Where in the world can a head of state visit a school which does not exist? In Estonia – as President Alar Karis demonstrated by doing just that on Monday, ETV news show "Aktuaalne kaamera" (AK) reported.
The presidential visit, to the Metsküla school, Lääneranna Rural Municipality, Lääne County, was interesting both in terms of the light it shed on the school's plight, and that of smaller schools nationwide, and the relationship between the head of state's role and powers in relation to regional politics.
As reported by ERR News, Lääneranna Rural Municipality, Lääne County, closed the Metsküla school, an elementary school with around two dozen pupils enrolled.
Parents of the affected pupils have continued to pursue a legal dispute on the matter and, nearly two-and-a-half months after the academic year began, the children have been taught on an informal basis by the former staff of the school.
For his part, the president noted that he cannot instruct the municipality what to do, "since am not responsible for this assessment, and I do not finance this school.
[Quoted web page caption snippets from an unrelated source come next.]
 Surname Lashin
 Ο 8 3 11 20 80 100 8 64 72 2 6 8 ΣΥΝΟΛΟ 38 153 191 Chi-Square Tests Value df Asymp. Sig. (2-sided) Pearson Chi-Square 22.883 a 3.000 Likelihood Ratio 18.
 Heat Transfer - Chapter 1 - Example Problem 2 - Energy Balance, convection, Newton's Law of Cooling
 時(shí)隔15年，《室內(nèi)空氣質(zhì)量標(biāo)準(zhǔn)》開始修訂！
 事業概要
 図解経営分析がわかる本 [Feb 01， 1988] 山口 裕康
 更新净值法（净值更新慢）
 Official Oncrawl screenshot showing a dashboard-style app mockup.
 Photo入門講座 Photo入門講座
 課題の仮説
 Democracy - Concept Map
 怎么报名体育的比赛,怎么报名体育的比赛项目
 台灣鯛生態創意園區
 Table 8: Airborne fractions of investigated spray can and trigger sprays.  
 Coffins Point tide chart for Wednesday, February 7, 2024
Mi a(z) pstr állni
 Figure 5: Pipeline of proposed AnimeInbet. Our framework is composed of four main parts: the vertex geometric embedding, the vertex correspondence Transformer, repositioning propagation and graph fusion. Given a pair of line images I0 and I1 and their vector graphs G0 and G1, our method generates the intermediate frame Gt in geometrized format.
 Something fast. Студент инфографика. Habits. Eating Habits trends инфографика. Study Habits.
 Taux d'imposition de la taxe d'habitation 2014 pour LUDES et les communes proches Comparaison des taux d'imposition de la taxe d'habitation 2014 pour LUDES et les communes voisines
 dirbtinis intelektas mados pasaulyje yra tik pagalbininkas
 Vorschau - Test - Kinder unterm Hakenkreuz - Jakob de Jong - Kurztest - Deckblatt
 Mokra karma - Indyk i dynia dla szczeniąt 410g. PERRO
The decision is primarily down to the municipality, though as of today I do see possibilities for the school to continue, not it being closed down so abruptly. But once again, this is a decision for the municipal leaders," the president told AK.
This does not mean that the head of state is blasé about the situation, quite the reverse, as his words while visiting the school, republished by the Office of the President, make clear.
He said: "Above all, I am concerned about the Metsküla elementary school children, hence my visit here. This stand-off being prolonged will tear the community apart."
"A transformation with the Estonian schools network is inevitable, but this can only be successful when the community forms a partner to local government, and is not excluded. Plus one cannot forget that all schools are different; there is no single yardstick."
"The Metsküla case casts all the schools within the Lääneranna municipality in a bad light, including the Lihula high school, and the death knell was placed on the Metsküla school, by the municipality authority. Compromise must be found. I cannot say whether the optimal solution is to continue with the existing elementary school, or whether it lies in creating a private school ... the community and the municipal government have to agree on that," the head of state went on.
Lihula High School also lies within Lääneranna Rural Municipality's jurisdiction. A planned new building cannot be constructed without the reorganization of the school network, the municipality says, a decision upheld by the second-tier Tallinn Circuit Court in June.
The Metsküla tale reveals a wider concern in Estonia also, the head of state said.
"First, the fate of small schools, where the first priority must of course be a strong education, but also the experience of communication with peers and adults and the possibility of interest education."
"Second, considering, or not considering the community, interaction between local people and municipal halls or city governments," the president continued, adding a third aspect as "recognizing positive differences and supporting these."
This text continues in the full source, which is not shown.